This repo aggregates audio/speech corpora for Yorùbá tasks, similarly to the yoruba-text for text datasets. The corpora may contain aligned text or be purely unlabeled.
The objective is to have a bird's eye view of available Yorùbá audio, and it's metadata and entropy, to inform additional data collection tasks & modeling.

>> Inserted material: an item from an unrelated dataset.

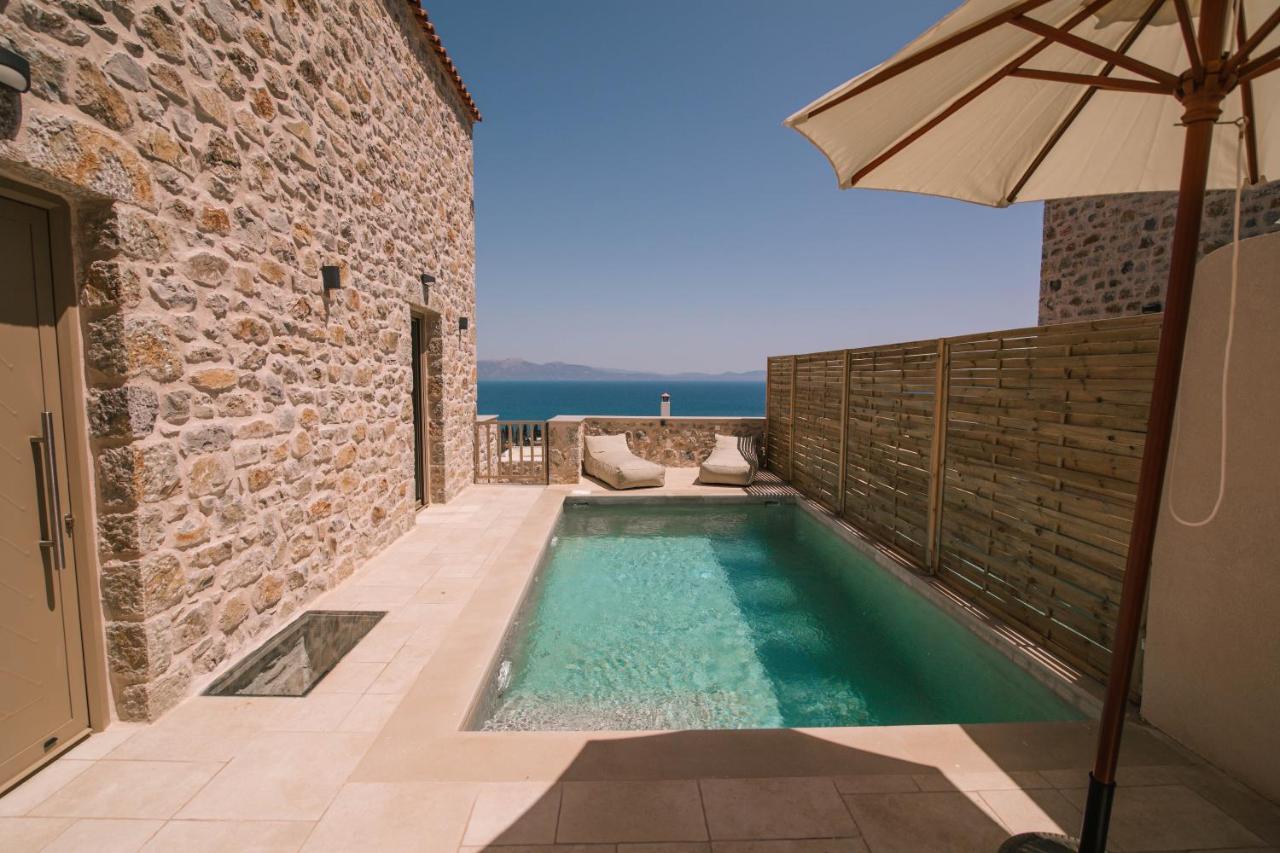 Mani Luxury Suites And Studios In Gytheio With Private Pools Екстер'єр фото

For example, if we see a large Broadcast news corpus, we might be interested to train a self-supervised model on a pretext task to generate speech embeddings for use in ASR/TTS work.
| Name | Size in HH:MM:SS | Transcribed | Segmented in utterances | Aligned | Source |
|---|---|---|---|---|---|
| Lagos-NWU | 02:45:17 | ✔️ | ✔️ | ✔️ | North-West University |
| OpenSLR86 | 04:1:31 | ✔️ | ✔️ | ✔️ | OpenSLR, Google |
| Bíbélì Mímọ́ (NIV) | 93:38:15 | ✔️ | Biblica Open Bible | ||
| Bíbélì Mímọ́ (KJV) | ✔️ | Bible.is | |||
| Colloquial Yorùbá | 02:32:29 | ✔️ | Audio files, Textbook | ||
| OrisunTV Broadcast News | 81:49:29 | Youtube | |||
| VoxLingua107 | 94:2:45 | ✔️ | post-filtered from Youtube |